Navan Road Parkway (Irish: Ollpháirc Bhóthar na hUaimhe) is a railway station in Fingal, Ireland. It is owned and operated by Iarnród Éireann.

Location
The station is on the Dublin - Sligo railway line (see Rail transport in Ireland), located between Ashtown railway station and Castleknock railway station.

The station is adjacent to the Navan Road dual carriageway R147 road  between the roundabout at the junction of Castleknock Road and Ashtown Road and the roundabout at the junction of Auburn Avenue and New Dunsink Lane. Access to the station is via a grade-separated junction off the R147.

Design and services
Similar to both Dún Laoghaire railway station and Leixlip Louisa Bridge railway station, the station building is on the bridge that connects the two platforms.
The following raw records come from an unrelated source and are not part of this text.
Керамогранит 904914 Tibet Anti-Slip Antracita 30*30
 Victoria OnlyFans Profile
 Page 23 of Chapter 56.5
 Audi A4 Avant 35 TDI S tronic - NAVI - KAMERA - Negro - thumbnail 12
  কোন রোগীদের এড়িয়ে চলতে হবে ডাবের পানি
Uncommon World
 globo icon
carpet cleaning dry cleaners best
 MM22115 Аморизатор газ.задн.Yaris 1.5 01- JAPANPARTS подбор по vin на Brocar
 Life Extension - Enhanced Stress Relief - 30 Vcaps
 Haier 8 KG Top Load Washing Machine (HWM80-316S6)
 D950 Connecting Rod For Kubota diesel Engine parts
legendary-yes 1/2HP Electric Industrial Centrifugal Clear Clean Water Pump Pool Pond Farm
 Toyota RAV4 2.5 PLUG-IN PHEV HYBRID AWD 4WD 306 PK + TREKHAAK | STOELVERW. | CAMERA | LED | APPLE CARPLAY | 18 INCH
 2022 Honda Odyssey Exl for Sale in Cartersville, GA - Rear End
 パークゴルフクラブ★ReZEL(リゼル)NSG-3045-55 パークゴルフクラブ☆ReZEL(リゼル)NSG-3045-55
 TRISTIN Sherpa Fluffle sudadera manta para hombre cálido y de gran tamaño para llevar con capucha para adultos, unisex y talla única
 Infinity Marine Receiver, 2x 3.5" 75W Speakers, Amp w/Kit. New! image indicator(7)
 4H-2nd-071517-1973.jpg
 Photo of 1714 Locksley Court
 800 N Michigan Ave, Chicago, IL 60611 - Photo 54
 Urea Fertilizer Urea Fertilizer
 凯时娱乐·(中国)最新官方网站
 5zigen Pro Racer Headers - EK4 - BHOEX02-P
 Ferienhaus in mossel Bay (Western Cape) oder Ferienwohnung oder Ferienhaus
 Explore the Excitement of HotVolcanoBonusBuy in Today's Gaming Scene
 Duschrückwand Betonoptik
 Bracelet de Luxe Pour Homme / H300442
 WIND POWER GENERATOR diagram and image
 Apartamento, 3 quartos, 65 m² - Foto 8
From here there are lifts and stairs down to each platform. It is an unmanned station.

The station is served by Western Commuter services. Both main services (westbound to Maynooth and Longford and eastbound to Dublin city centre and Docklands branch services (from  to Docklands) call at the station. InterCity services do not call at the station, although one can interchange at either  or Dublin Connolly railway station.

History
It opened on 21 January 2008 as 'Phoenix Park' station but was renamed on 25 September 2011 to 'Navan Road Parkway'.

Renaming
The station was built by the developers of the Phoenix Park Racecourse Apartments on the site of the old Phoenix Park Racecourse.
The station is further from the Phoenix Park than Ashtown Station.

The confusion over the name led to Iarnród Éireann erecting posters in Dublin Connolly railway station stating "For the Phoenix Park, use Ashtown Station".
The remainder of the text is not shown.